[Exercise brief]: The entries below contain pictures. Write out only the lines from the line with "Texas Tech - NCAA" up to and including the line with "GELASIGE Glasfigur für", exactly, without them.

[Supplied entries]:

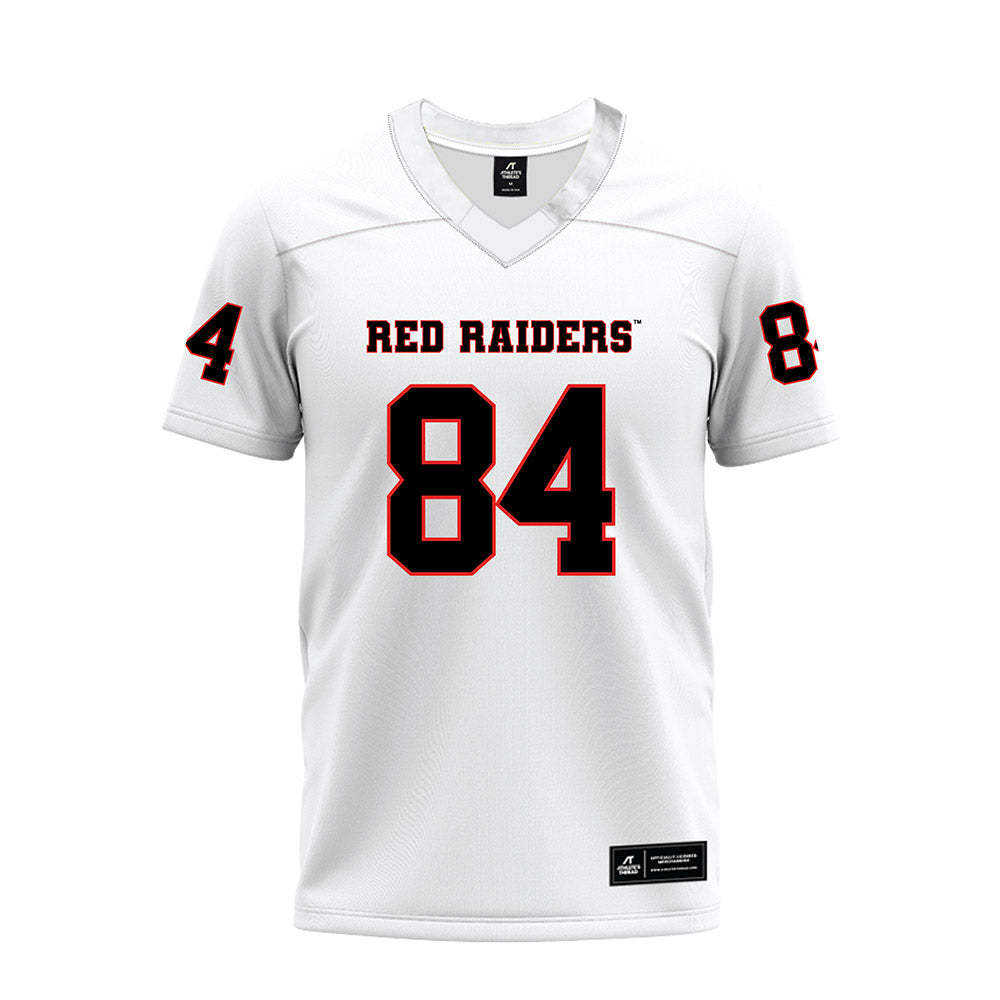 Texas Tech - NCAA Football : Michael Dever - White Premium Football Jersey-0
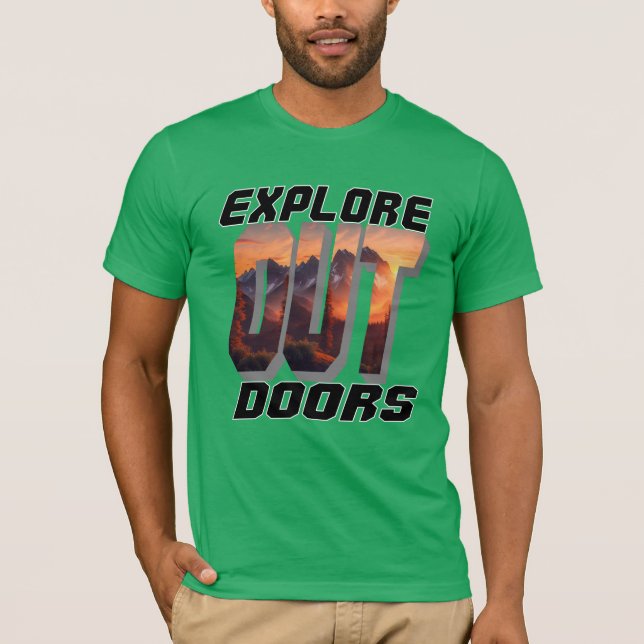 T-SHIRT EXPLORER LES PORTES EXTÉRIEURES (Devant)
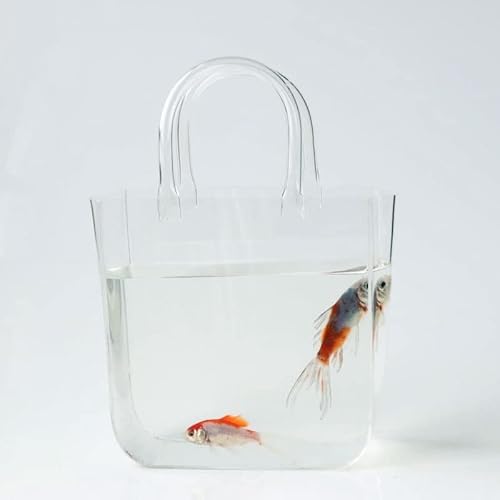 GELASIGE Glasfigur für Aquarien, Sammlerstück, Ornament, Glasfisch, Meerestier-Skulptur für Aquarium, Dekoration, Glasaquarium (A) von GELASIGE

* * *

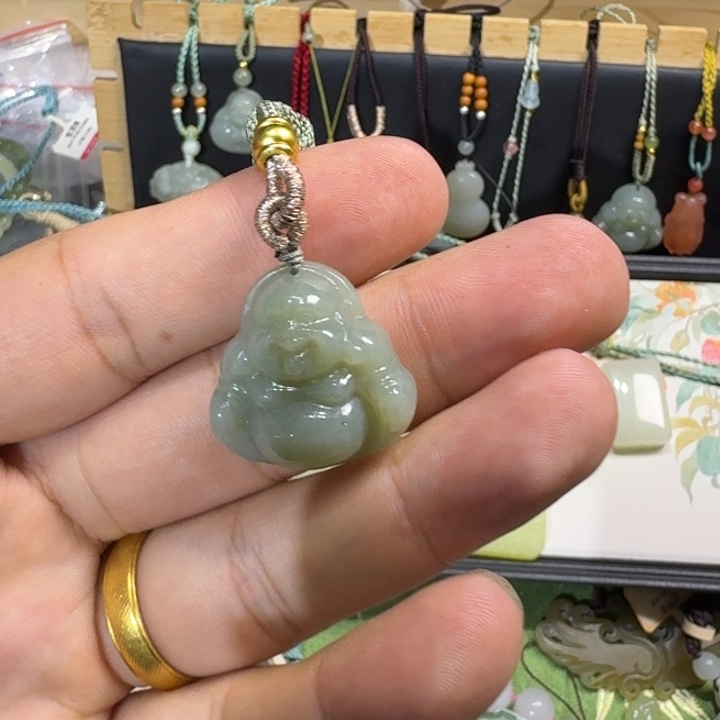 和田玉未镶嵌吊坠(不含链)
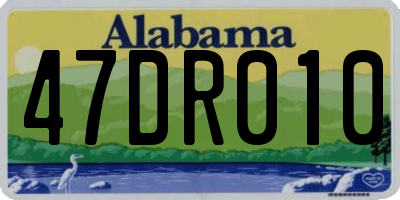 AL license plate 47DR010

[Answer to the problem]:
 Texas Tech - NCAA Football : Michael Dever - White Premium Football Jersey-0
 T-SHIRT EXPLORER LES PORTES EXTÉRIEURES (Devant)
 GELASIGE Glasfigur für Aquarien, Sammlerstück, Ornament, Glasfisch, Meerestier-Skulptur für Aquarium, Dekoration, Glasaquarium (A) von GELASIGE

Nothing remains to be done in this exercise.